◆ **REQUIREMENT**
I'd like an exact copy of every line from the start of the entries below through the line containing "LONELINESS SIMULATOR IN", please.

** Opening INPUT DATA block **

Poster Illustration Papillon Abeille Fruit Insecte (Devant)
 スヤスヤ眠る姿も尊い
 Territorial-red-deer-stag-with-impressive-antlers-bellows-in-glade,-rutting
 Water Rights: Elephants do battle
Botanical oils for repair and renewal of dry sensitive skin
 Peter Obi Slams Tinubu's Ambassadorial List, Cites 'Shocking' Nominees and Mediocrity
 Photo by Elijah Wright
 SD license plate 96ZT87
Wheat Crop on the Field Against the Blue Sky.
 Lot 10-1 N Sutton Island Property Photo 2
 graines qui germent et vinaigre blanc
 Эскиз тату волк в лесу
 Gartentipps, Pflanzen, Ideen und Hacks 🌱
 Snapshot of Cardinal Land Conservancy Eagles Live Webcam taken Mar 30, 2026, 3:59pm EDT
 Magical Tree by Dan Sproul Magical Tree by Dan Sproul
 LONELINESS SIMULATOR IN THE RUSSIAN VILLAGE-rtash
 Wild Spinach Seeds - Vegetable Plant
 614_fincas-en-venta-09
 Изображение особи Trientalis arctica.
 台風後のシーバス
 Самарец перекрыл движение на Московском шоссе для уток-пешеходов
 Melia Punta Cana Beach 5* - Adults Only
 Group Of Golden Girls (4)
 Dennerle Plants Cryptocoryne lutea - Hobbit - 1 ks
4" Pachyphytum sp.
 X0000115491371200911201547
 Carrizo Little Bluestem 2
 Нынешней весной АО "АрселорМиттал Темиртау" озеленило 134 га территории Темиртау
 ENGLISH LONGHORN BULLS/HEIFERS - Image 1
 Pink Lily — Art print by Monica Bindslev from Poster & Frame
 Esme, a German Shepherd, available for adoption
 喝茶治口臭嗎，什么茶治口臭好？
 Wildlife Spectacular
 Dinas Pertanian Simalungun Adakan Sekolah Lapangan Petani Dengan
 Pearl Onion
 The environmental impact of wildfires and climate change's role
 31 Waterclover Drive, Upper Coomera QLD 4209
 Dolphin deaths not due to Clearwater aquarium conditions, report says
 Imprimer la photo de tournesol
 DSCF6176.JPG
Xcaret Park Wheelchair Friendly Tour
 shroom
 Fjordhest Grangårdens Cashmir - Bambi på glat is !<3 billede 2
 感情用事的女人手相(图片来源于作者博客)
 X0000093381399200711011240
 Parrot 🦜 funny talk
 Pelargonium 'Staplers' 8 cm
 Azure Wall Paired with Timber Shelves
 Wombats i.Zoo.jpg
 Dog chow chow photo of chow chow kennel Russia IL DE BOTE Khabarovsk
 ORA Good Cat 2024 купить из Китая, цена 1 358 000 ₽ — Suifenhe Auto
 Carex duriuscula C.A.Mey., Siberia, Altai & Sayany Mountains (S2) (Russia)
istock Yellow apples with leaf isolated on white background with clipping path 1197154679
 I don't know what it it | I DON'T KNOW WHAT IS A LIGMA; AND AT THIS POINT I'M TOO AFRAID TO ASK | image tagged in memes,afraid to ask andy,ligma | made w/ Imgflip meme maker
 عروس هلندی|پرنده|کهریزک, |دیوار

** Closing INPUT DATA block **

◆ **ANSWER TO THIS EXERCISE**
Poster Illustration Papillon Abeille Fruit Insecte (Devant)
 スヤスヤ眠る姿も尊い
 Territorial-red-deer-stag-with-impressive-antlers-bellows-in-glade,-rutting
 Water Rights: Elephants do battle
Botanical oils for repair and renewal of dry sensitive skin
 Peter Obi Slams Tinubu's Ambassadorial List, Cites 'Shocking' Nominees and Mediocrity
 Photo by Elijah Wright
 SD license plate 96ZT87
Wheat Crop on the Field Against the Blue Sky.
 Lot 10-1 N Sutton Island Property Photo 2
 graines qui germent et vinaigre blanc
 Эскиз тату волк в лесу
 Gartentipps, Pflanzen, Ideen und Hacks 🌱
 Snapshot of Cardinal Land Conservancy Eagles Live Webcam taken Mar 30, 2026, 3:59pm EDT
 Magical Tree by Dan Sproul Magical Tree by Dan Sproul
 LONELINESS SIMULATOR IN THE RUSSIAN VILLAGE-rtash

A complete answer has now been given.